Pertanian di Desa Raja Bejamu masih alami
dan mengolah lahan pertaniannya satu tahun sekali dan masih menggunakan bibit
yang 6 bulan panen, Pada tahun 2012 produksi padi Desa Raja Bejamu meningkat
yaitu 9.984,6 ton, luas panen 2.322/ha sedangkan luas panen 625/ha dibandingkan
dengan lain yang ada di Kecamatan Raja Bejamu. Adapun untuk penanaman benih
dimulai pada bulan desember hal ini dikarenakan pada bulan desember biasanya
masyarakat percaya adanya musim penghujan karena pertanian di Desa Raja Bejamu
tidak adanya sistem irigasi sehingga petani memulai penanaman dibulan desember.

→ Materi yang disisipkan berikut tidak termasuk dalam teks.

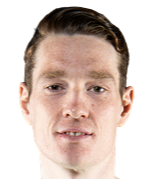 https://img.heibaitiyuz.com.cn/img/football/player/218dbddd4b14e4684e7860ef29fed7ea.png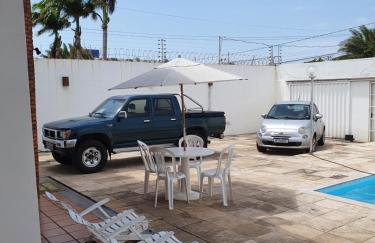 Casa Leonardo - Foto 3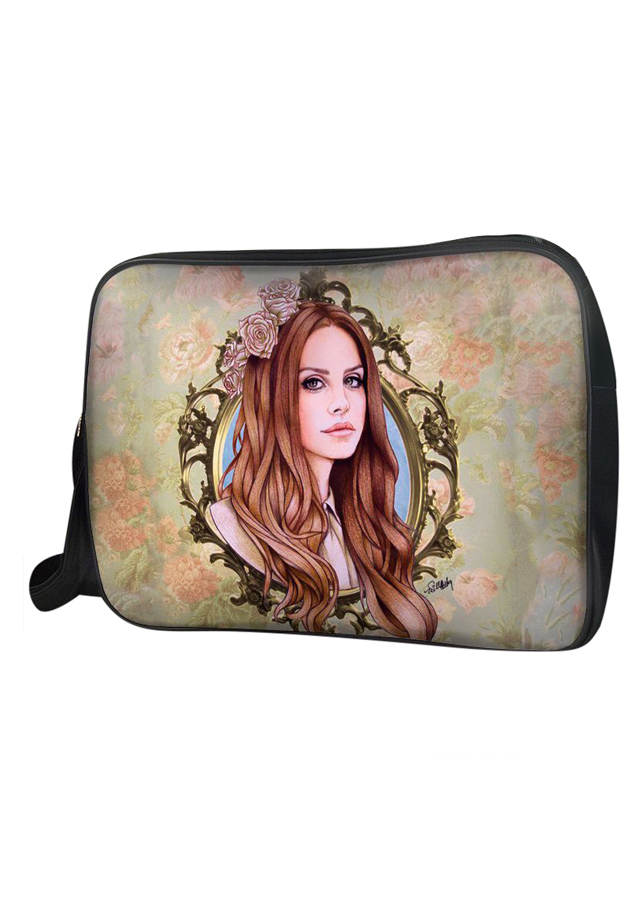 1258218 , 3380318456773 , 62_12092149 , 320000 , Tui-Deo-Cheo-Hop-Unisex-Lana-Del-Rey-Art-Tcup022-62_12092149 , tiki.vn , Túi Đeo Chéo Hộp Unisex Lana Del Rey Art - Tcup022 Túi Đeo Chéo Hộp Unisex Lana Del Rey Art - Tcup022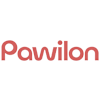 Pawilon-avatar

Bibit yang digunakan oleh para petani
umumnya yaitu Padi Sikuning atau lebih dikenal luas oleh masyarakat yaitu Kuku
Balam. Petani padi di Desa Raja Bejamu ini memegang peran penting sebagai
pendapatan untuk menopang hidup keluarga walaupun pada kenyataannya
produktivitas tanaman padi yang diusahakan petani masih rendah karena hanya
dibudidayakan satu tahun sekali. Secara teknis rendahnya produksi pembudidayaaan
padi disebabkan kurangnya pengetahuan petani, seperti pengolahan lahan,
pemilihan bibit, pemupukan dan pemeliharaan. Sebagian besar petani memiliki
pengalaman berusahatani yang cukup baik, tetapi masih kurang dan perlu adanya
peran dari pemerintah untuk membimbing para petani untuk berusahatani yang baik
dengan sedikit mengeluarkan modal dan menghasilkan keuntungan yang besar.
Saluran
Pemasaran Pertanian Padi
Pemasaran hasil pertanian petani padi
memasarkannya ke Medan seperti Tebing Tinggi dan Pematang Siantar. Adapun
kendala-kendala yang sering dihadapi para petani padi diantaranya adalah
sulitnya mendapatkan pupuk seperti pupuk urea dan serangan hama penyakit
seperti wereng, penggulung daun, orong-orong, keong mas dan burung. Pengelolaan
usahatani padi ditangani langsung oleh PPL (Petugas Penyuluh Lapangan) yaitu
sumber bagi petani untuk mendapatkan informasi tentang permasalahan yang ada.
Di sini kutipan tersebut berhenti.